As a global dn/ds i ll use the wall which 2.082524 and my theta values θ=927.537
5. thanks a lot :)
Dear Loukas,
Thanks. 1734.9091 is the estimated dN/dS ratio for the gene. Can you share the dndsout$genemuts table for PFLU4201? It may be easier to explain this with an example.
Inigo
Thank you Inigo,
I am just wondering how it can be so high, like 1734 for 3 non synonymous mutations?
Hi Loukas,
Essentially, dN/dS ratios are ratios of the non-synonymous to synonymous mutation rates of a gene, corrected for sequence composition and given a substitution model. If you only had information on this gene, seeing 3 missense mutations in the gene and 0 synonymous mutations could be consistent with a dN/dS ratio approaching infinite, but with enormously wide confidence intervals (spanning the value of 1).
However, dNdScv takes advantage of the mutations observed across all genes in the genome to fit both the substitution model and a negative binomial model for the variation of mutation rates across genes. When theta is very high, as it is in your case, the dNdScv model essentially approaches a Poisson model, where mutations are assumed to occur randomly across the genome but considering the different mutability of each trinucleotide (= the substitution model). Given its sparsity, what dNdScv is doing in your dataset is approximately the following:
- Calculate the mutation rate of each trinucleotide substitution (e.g. the number of AAA>ACA mutations observed divided by the number of AAA trinucleotides in the exome, repeating this for each of the 192 possible mutations in a trinucleotide context). This is approximately what the maximum likelihood fitting of the substitution model does (output in dndsout$mle_submodel).

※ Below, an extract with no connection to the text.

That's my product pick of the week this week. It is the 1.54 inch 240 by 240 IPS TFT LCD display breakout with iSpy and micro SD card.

- Given the sequence of a gene, you can count the number of times each trinucleotide is observed in a gene, multiply that by the mutation rate per bp of that trinucleotide and sum across all sites to obtain the expected number of mutations under neutrality. You can do this separately for synonymous, missense and nonsense sites in a gene. This calculation tell us that, given the sparsity of synonymous mutations in your dataset, in the gene PFLU4201 shown in your table above, we only expected 0.000809 synonymous mutations and 0.001731 missense mutations by chance under neutrality.

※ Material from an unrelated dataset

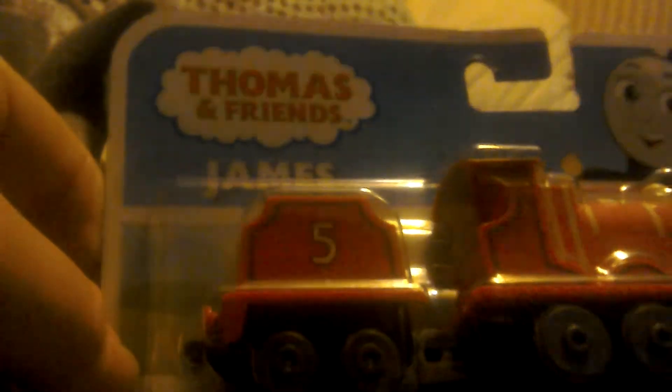Hello everybody, welcome back. Now I'm going to review, now I'm going to unbox James. All engines go, James!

- In reality, you observe 3 missense mutations, so the maximum-likelihood estimate for the dN/dS ratio for missense mutations in this gene is 3/0.001731 ~ 1733. Of course, there is great uncertainty around this estimate. If we were using a simple Poisson model, observing 3 mutations when 0.001731 are expected by chance would yield confidence intervals for dN/dS ~ (357, 5065) with a p-value against the null hypothesis of dN/dS=1 lower than 1e-9 (to run this you can use
poisson.test(3, 0.001731)). dNdScv does not use a simple Poisson test because it accounts for the variation of the mutation rate across genes fitting a negative binomial model, but since theta is very high in your case, using a Poisson model in the example is not far from what dNdScv is doing (and in fact the p-value estimated by dNdScv is also <1e-9).
I hope this makes sense. Essentially, the method is telling you that given the extremely low density of mutations in your dataset, seeing 3 missense mutations in the same gene is highly significant and suggestive of positive selection (you are seeing a rate or density of non-synonymous mutations 1700 times higher than expected by chance, with large confidence intervals around this dN/dS ratio as it is based on 3 mutations).

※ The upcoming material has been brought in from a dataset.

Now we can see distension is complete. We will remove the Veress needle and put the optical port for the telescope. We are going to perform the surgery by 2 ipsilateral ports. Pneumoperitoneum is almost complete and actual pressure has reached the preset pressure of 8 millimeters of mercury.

Of course, you need to make sure that this result makes sense and it is correct, and not due to a recurrent artefact in your mutation calls or to counting the same mutation three times, for example (e.g. inputting the mutations observed in a population in 3 different time points as 3 independent events, rather than as a single mutation).
Best wishes,
Inigo
Dear Inigo,
I think I got it thanks to your detailed answer. I really appreciate
with best wishes,
Loukas
Glad it helped. I am closing this issue now, but please reopen it if anything does not make sense.